Pre-editing

Source: Wikipedia, the free encyclopedia.

Pre-editing is the process whereby a human prepares a document before applying machine translation.[1] The main goal of pre-editing is to reduce the post-editing workload by adapting the source document to improve the raw output of the machine translation. Pre-editing could be also valuable for human translation projects since it can increase the application of the translation memory.

In general, pre-editing is worth to apply when there are more than three target languages. In this case, pre-editing should facilitate the process of machine translation by spell and grammar checking, avoiding complex or ambiguous syntactic structure, and verifying term consistency.
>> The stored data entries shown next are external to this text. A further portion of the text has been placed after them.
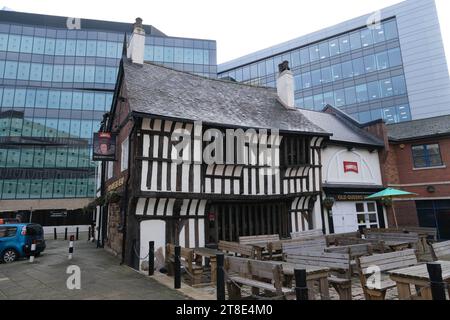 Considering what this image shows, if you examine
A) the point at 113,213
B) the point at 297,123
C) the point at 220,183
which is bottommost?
the point at 113,213

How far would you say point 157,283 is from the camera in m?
7.40

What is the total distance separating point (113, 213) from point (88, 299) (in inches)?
305

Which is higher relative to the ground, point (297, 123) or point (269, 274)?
point (297, 123)

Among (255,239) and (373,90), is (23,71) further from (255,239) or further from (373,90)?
(373,90)

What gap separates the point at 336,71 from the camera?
3844cm

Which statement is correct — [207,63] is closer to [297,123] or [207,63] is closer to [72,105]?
[72,105]

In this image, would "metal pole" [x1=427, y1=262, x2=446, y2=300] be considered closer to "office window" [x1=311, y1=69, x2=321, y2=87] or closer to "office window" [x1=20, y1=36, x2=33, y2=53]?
"office window" [x1=311, y1=69, x2=321, y2=87]

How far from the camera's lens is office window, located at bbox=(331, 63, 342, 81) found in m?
38.2

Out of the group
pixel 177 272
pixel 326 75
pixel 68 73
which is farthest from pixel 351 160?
pixel 68 73

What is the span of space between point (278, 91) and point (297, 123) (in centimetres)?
322

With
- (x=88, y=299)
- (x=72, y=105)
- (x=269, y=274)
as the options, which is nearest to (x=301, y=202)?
(x=269, y=274) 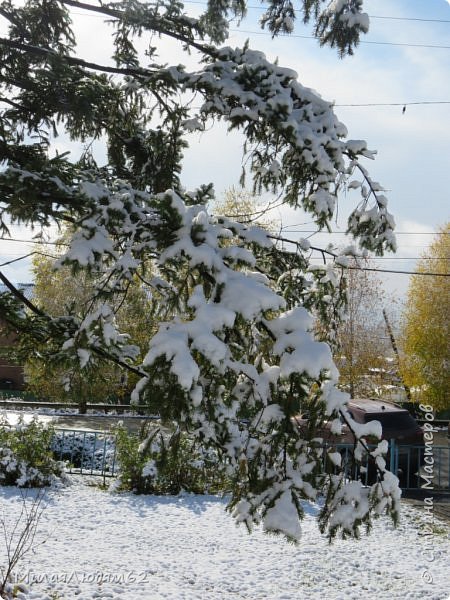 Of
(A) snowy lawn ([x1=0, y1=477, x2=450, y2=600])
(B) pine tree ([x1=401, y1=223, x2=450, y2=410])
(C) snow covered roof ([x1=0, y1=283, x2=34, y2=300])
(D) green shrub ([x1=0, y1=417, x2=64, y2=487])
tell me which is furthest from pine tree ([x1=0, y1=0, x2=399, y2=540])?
(B) pine tree ([x1=401, y1=223, x2=450, y2=410])

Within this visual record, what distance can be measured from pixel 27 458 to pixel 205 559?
4.53 meters

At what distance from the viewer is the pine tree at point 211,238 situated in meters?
3.08

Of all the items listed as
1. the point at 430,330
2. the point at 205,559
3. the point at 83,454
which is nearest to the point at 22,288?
the point at 205,559

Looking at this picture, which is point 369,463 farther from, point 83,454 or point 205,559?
point 83,454

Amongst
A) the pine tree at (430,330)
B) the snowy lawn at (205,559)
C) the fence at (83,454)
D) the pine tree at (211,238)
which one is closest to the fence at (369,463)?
the fence at (83,454)

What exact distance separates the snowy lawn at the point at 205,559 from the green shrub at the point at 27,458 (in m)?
0.78

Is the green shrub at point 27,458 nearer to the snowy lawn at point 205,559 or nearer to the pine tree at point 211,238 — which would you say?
the snowy lawn at point 205,559

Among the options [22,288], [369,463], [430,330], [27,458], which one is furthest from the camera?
[430,330]

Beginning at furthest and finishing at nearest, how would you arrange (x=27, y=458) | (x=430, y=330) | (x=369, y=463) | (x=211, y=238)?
(x=430, y=330), (x=27, y=458), (x=369, y=463), (x=211, y=238)

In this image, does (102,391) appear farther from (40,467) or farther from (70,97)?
(70,97)

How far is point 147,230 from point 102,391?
61.1 ft

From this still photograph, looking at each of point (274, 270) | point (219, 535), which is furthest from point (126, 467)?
point (274, 270)

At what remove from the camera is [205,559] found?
6.68 meters

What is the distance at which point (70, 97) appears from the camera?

However, it is also applicable to poorly-converted files.[2] Linguistic pre-editing is more important than pre-editing of the format since errors can affect machine translation quality.

References

  1. ^ Pre-editing by forum users: a Case Study , Bouillon P., Gaspar L., Gerlach J., Porro V., Roturier J., in: Proceedings of the 9th Edition of the Language Resources and Evaluation Conference (LREC), CNL Workshop, Reykjavik, Islande, 2014.
  2. ^ Combining pre-editing and post-editing to improve SMT of user-generated content, Gerlach J., Porro V., Bouillon P., Lehmann S., in: Proceedings of the Machine Translation Summit XIV, Nice, France, 2013.